The qualitative comparison above tells us that the SNR improvement is quite high. Now let's evaluate the result quantitatively. The following script implements an iterative noise estimation algorithm due to Jean-Luc Starck:
/**
* Evaluation of Gaussian noise by the iterative k-sigma thresholding method.
*
* Reference:
* J.L. Starck, F. Murtagh, Astronomical Image and Data Analysis, Springer,
* 1st ed., 2002, pp. 37-38.
*/
// Working array to gather noise at each iteration.
var N = new Array;
/**
* Image callback routine to extract noise wavelet coefficients.
*
* s is the value of the current sample, which is actually a wavelet
* coefficient in the first wavelet layer
*
* ks k*sigma threshold, with k=3 and sigma is the standard deviation of the
* noise in the previous iteration.
*/
function GetNoise( x, y, c, s, ks )
{
if ( Math.abs( s ) < ks )
N.push( s );
else
this.currentSample = 1.0; // tag this coefficient as significant
}
/**
* Iterative calculation of the standard deviation of Gaussian noise noise.
* We use k=3 and return an estimate to within 1% accuracy.
*/
function Noise( img )
{
// Perform a one-layer wavelet transform using a B3 spline scaling function.

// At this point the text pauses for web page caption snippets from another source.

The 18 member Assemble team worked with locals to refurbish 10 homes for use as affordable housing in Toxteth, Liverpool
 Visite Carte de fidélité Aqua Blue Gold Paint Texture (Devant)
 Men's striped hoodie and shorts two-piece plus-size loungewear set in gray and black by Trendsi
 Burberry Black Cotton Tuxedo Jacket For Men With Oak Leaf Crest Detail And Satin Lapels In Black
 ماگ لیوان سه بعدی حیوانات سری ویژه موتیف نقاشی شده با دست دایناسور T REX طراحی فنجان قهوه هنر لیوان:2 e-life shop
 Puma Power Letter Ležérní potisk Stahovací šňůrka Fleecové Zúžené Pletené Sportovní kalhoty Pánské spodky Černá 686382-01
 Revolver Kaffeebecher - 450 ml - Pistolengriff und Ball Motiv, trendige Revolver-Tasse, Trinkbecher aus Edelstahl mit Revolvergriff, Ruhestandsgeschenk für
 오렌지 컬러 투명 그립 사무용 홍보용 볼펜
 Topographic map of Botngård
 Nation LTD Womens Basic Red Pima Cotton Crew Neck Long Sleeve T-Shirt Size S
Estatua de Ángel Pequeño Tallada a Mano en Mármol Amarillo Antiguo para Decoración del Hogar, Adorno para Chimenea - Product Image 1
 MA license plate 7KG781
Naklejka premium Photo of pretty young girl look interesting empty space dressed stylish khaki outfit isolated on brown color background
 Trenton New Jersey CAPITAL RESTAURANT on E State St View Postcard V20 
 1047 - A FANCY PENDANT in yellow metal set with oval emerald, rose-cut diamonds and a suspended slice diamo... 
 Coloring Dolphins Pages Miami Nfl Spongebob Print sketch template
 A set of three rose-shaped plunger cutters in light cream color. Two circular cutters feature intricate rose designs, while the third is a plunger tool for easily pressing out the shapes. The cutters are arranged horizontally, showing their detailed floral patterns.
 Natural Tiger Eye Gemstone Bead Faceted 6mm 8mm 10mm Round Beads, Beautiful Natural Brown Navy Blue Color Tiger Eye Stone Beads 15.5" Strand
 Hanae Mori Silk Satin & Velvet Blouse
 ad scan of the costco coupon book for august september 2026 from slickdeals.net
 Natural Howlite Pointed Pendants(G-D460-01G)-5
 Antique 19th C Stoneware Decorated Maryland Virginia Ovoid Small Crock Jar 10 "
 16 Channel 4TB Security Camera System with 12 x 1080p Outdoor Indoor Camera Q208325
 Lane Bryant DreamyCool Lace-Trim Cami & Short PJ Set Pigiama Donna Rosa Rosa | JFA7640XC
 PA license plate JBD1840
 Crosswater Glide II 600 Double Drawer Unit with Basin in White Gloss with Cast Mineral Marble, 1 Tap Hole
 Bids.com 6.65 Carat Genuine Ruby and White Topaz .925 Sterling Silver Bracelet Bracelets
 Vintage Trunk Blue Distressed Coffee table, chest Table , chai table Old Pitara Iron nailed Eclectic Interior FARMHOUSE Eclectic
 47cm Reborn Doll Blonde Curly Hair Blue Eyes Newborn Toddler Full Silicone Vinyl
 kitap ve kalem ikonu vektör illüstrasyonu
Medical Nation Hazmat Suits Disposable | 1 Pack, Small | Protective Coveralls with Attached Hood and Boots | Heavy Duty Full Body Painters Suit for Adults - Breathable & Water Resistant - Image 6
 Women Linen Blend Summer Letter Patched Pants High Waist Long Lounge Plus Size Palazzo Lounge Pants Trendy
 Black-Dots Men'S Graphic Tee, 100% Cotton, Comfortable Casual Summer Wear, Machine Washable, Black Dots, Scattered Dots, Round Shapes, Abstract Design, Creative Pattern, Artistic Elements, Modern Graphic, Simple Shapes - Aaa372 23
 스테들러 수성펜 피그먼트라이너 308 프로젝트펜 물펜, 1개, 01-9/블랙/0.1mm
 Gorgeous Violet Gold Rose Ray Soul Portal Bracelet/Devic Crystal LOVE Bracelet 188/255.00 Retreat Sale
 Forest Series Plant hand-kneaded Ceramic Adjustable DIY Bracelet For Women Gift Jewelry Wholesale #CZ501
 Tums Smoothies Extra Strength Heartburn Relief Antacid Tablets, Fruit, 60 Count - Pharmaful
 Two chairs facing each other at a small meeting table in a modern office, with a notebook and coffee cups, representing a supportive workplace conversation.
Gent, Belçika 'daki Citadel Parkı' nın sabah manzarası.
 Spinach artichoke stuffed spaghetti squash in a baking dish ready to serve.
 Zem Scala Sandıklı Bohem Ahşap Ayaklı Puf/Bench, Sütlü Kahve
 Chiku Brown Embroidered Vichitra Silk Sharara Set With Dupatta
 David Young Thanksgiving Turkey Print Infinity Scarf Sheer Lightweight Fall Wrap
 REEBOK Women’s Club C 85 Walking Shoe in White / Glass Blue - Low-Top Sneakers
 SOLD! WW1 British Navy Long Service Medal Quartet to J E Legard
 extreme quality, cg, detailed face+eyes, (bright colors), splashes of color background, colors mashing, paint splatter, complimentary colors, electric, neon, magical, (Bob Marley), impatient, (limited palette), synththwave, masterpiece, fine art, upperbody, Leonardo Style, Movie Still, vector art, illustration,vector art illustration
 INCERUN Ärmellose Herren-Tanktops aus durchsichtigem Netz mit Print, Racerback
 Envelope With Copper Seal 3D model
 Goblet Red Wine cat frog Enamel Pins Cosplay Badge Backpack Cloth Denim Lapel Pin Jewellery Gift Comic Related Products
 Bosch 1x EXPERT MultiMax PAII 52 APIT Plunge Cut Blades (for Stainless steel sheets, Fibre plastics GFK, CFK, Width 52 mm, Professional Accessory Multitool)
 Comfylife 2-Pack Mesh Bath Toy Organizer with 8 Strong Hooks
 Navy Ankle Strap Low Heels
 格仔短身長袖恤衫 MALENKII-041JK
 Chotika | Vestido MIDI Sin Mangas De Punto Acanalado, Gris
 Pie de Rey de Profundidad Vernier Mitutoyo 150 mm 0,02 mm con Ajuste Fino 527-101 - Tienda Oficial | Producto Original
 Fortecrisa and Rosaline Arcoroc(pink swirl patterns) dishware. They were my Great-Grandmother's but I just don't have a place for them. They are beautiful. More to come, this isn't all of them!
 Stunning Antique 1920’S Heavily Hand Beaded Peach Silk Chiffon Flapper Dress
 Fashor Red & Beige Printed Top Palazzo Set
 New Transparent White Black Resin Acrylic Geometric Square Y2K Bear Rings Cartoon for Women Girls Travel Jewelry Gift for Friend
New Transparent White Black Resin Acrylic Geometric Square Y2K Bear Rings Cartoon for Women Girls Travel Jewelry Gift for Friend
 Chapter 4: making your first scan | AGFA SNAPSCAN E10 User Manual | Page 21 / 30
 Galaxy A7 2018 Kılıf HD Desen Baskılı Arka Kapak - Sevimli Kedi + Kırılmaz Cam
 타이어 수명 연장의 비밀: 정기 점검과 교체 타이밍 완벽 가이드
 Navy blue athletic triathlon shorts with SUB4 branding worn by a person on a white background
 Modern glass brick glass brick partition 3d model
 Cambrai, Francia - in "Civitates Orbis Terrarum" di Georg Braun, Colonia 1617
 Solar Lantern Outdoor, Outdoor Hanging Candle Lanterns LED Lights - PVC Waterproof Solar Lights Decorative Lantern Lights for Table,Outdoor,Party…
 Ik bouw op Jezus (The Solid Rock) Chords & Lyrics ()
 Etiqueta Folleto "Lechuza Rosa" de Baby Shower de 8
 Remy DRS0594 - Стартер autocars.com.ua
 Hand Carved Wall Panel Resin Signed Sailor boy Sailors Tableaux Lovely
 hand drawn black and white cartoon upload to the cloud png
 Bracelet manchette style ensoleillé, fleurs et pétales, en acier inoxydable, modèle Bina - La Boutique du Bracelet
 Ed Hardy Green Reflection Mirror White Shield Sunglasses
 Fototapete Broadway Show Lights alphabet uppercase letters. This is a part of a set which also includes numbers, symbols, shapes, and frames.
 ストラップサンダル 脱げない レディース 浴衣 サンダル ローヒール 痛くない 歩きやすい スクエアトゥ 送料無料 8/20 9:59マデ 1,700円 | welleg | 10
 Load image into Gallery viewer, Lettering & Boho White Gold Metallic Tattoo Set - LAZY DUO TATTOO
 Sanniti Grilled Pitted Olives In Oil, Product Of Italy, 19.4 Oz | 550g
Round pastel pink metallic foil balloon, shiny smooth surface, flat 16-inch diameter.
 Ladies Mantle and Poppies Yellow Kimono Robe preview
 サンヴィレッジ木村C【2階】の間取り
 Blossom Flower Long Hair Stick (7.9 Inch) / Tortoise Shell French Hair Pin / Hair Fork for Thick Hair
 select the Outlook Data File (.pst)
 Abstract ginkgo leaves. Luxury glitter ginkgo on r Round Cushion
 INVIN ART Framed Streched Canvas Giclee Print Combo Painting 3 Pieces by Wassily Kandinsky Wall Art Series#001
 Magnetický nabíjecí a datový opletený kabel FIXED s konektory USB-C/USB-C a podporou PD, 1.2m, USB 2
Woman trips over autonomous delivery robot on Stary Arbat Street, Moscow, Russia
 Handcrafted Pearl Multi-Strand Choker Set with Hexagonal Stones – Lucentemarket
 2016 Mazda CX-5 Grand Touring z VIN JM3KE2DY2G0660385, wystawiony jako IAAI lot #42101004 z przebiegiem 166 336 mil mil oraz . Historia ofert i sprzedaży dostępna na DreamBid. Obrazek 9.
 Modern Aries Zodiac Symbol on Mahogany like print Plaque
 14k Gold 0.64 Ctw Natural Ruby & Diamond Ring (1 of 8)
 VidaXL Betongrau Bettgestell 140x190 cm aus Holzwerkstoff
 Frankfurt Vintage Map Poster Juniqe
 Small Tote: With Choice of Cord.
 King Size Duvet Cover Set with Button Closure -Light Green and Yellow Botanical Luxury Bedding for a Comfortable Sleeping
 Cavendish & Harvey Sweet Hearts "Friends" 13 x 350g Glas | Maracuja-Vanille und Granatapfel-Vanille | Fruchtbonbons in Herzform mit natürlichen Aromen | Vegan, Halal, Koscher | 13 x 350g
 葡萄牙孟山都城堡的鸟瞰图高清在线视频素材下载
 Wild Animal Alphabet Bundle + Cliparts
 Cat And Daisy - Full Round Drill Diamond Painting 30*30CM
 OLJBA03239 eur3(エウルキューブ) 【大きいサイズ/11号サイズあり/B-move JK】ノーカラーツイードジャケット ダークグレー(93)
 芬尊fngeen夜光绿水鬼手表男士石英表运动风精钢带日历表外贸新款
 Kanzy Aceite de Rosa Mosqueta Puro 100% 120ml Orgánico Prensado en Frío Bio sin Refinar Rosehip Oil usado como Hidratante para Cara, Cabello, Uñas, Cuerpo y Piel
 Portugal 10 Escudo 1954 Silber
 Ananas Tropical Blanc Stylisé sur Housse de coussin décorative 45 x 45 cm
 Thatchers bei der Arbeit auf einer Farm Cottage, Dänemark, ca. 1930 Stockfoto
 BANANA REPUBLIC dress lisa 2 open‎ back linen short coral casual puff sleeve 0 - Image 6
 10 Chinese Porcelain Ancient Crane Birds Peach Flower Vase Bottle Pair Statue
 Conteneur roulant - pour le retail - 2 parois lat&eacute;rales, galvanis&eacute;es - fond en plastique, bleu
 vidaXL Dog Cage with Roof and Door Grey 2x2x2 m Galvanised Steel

var W = img.aTrousWaveletTransform( [ 1.0/256, 1.0/64, 3.0/128, 1.0/64, 1.0/256,
1.0/64, 1.0/16, 3.0/32, 1.0/16, 1.0/64,
3.0/128, 3.0/32, 9.0/64, 3.0/32, 3.0/128,
1.0/64, 1.0/16, 3.0/32, 1.0/16, 1.0/64,
1.0/256, 1.0/64, 3.0/128, 1.0/64, 1.0/256 ], 1 );
for ( var i = 0, s0; ; )
{
// Standard deviation of the noise for this iteration.
var s;
if ( ++i == 1 ) // first iteration?
s = s0 = W[0].stdDev();
else
{
// Standard deviation of the set of thresholded coefficients.
s = Math.stddev( N );
// Return an estimate to within 1% accuracy.
var converges = (s0 - s)/s0 < 0.01;
var enough = i == 20;
if ( converges || enough )
{
console.writeln( (converges ? "Convergence reached" :
"*** Warning: No convergence"),
" after ", i, " iterations." );
return 10*s/0.8908; // back to the image space
}
s0 = s;
}
// Extract the set of noise pixels for the next iteration.
N.length = 0;
W[0].forEachSample( GetNoise, 3*s );
if ( N.length < 2 )
return 0;
}
}
function main()
{
// Get access to the current active image window.
var window = ImageWindow.activeWindow;
if ( window.isNull )
throw new Error( "No active image" );
console.show();
console.writeln( "<b>" + window.currentView.fullId + "</b>" );
console.writeln( "Calculating noise standard deviation..." );
console.flush();
// Obtain an estimate of the noise standard deviation for the current view.
var s = Noise( window.currentView.image );
// Output results.
console.writeln( format( "Noise standard deviation = %.8f, N = %u", s, N.length ) );
}
main();
To use the script, create a new JavaScript file with the Script Editor, copy the code and paste it to the new file, then select the image that you want to evaluate, and run the script (press F9). After a few seconds (or minutes if the image is large), the script will write the estimated standard deviation of the noise on the console.
In my experiment with the Lena image, the script has given the following noise estimates:
A: 0.50855925
B: 0.50687131
C: 0.50699363
D: 0.50706419
E: 0.50645103
F: 0.50811908
G: 0.50709520
H: 0.50594039
sum_of_8: 0.20412443
So the achieved signal-to-noise improvement is 2.5 approximately. Our result is slightly worse than the theoretical improvement, which is the square root of eight, 2.83. I think the main reason is the fact that we are working with discrete images. For example, the addition of noise causes a small but irreversible degradation of the signal in each image.